Pour la grande majorité des artistes aborigènes, le sens de la toile peinte, les secrets qui y sont révélés sont plus importants que l’aspect esthétique. Parfois aussi, certains artistes, rares dans les zones où les Aborigènes vivent de façon assez traditionnelle, insistent sur des problèmes politiques ou sociaux. Et pourtant, ce sens de la beauté, de l’harmonie est bien présent. Puisque les peintures sont aussi le reflet de la vie, des actions des Ancêtres. Ainsi, les peintures de Pantjiti Mary McLean, une artiste qui a aujourd’hui près de 70 ans, ayant passé une partie de sa vie isolée, et qui a donc naturellement une connaissance profonde du bush, de la vie traditionnelle et du monde des Rêves, montrent le plus souvent une vie idyllique dans le bush, presque paradisiaque, le tout avec des couleurs chaudes et de façon assez naïve. C’est une célébration de « sa » Terre et de la vie. En mêlant ainsi humains, animaux, plantes et de fleurs, des éléments naturels comme les points d’eau, le présent et le passé, mais aussi des épisodes du Temps du Rêve, elle tente de créer une image où l’harmonie du cycle de la vie prédomine. Le cadrage, en vue aérienne et multi directionnel (elle peint assis sur sa toile, progressant de point en point donnant cet effet) et le fait d’emplir tout l’espace ajoute un charme à ses compositions. Aucun élément ou personnage n’est isolé et n’a une plus grande importance; ou plus exactement tout à de l’importance, participe au tout. Elle aime raconter ainsi de façon anecdotique les épisodes de sa jeunesse, au jour le jour, dans le pays de sa grand-mère (près de Docker River dans le Territoire du Nord), et plus tard dans celui de son père (près des Blackstone).
Ses œuvres si pleines de vie, d’optimisme sont le reflet d’une partie de l’esprit des Aborigènes pour qui le lien à la terre est si important. C’est aussi cette vision, cette culture ancienne que Pantjiti et la plupart des artistes vivant encore de façon traditionnelle, essayent de transmettre aux non aborigènes au travers de leurs peintures.

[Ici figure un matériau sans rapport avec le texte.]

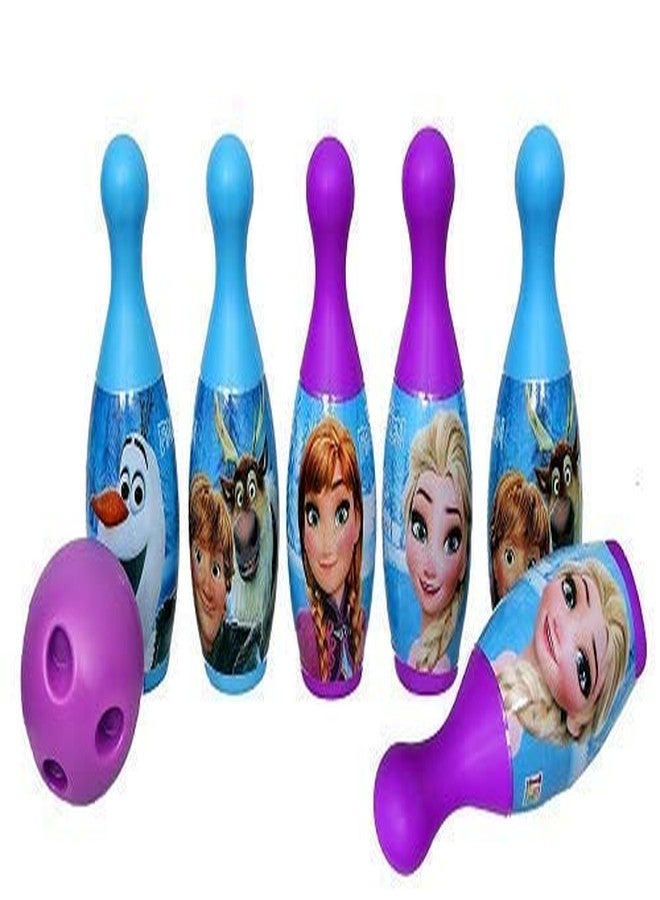 NIYANETAIL 6 Pin 1 Bowling Game Set for Kids with 6 Pin 1 Ball Sport Toys Gift for Baby Boys Girls Age 3 4 5 6 7 8.12 Years Old ABS Plastic (Frozen Bowling Set) - Image 2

Pour comprendre le lien entre les Aborigènes, leurs peintures et leur environnement, il faut comprendre le monde du Rêve; Si pour nous le centre de l’Australie n’est qu’une vaste zone désertique – très exactement semi désertique – les Aborigènes y voient une terre baignée par l’énergie des Ancêtres, une région parcourue par de mystérieuses forces issues de ces Êtres qui ont façonné le paysage et y ont laissé une partie d’eux même. De ces pistes empruntées par les Ancêtres, des actions de ces Êtres aux pouvoirs extraordinaires, naissent sur les toiles des artistes des réseaux denses de lignes, de courbes, des formes massives en mouvement, des jeux de lignes et de plans où l’improvisation et le hasard ne joue aucun rôle…encore que, une fois de plus, il ne faudrait pas oublier qu’il s’agit avant tout d’art !!

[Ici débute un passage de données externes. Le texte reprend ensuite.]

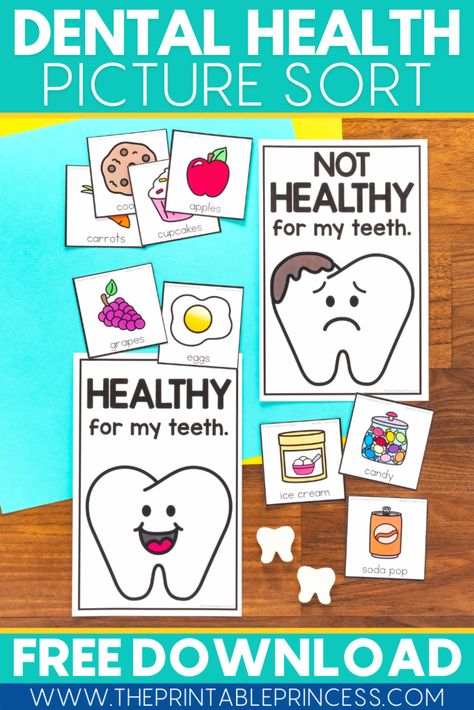 Dental Activities For Kindergarten, Teeth For Preschool, Dental Presentation For Kids, Dental Theme Preschool Activities, Dentist Activity For Preschool, Free Dental Health Printables, Preschool Dental Health Activities Free Printables, Dental Health For Preschool, Preschool Dentist Activities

Une fois de plus, on se trouve devant la difficulté de définir cet art. Il semble parfois que l’art aborigène hésite entre la pure tradition, le sacré, et la franche créativité. Toute la mystérieuse fascination pour cet art vient peut-être de là, réside dans ce langage qui nous échappe, où la magie et les lois de la tradition ne réduisent pas l’élégance et le mouvement naturel. Le fait que, de plus en plus, les artistes qui vivent de façon traditionnelle se voient exposer avec des artistes urbains ou avec des artistes non aborigènes contribue au fait d’élargir leurs visions et la notre. De même les styles changent entraînés par des artistes qui cherchent de nouvelles voies.
Tous ces peintres trace des lignes très fluides d’où naissent des effets optiques qui stimulent notre imagination et nous laisse toute latitude pour interpréter ses mondes du Rêve selon notre propre sensibilité ou notre connaissance de la culture aborigène. Laissons nous saisir et séduire.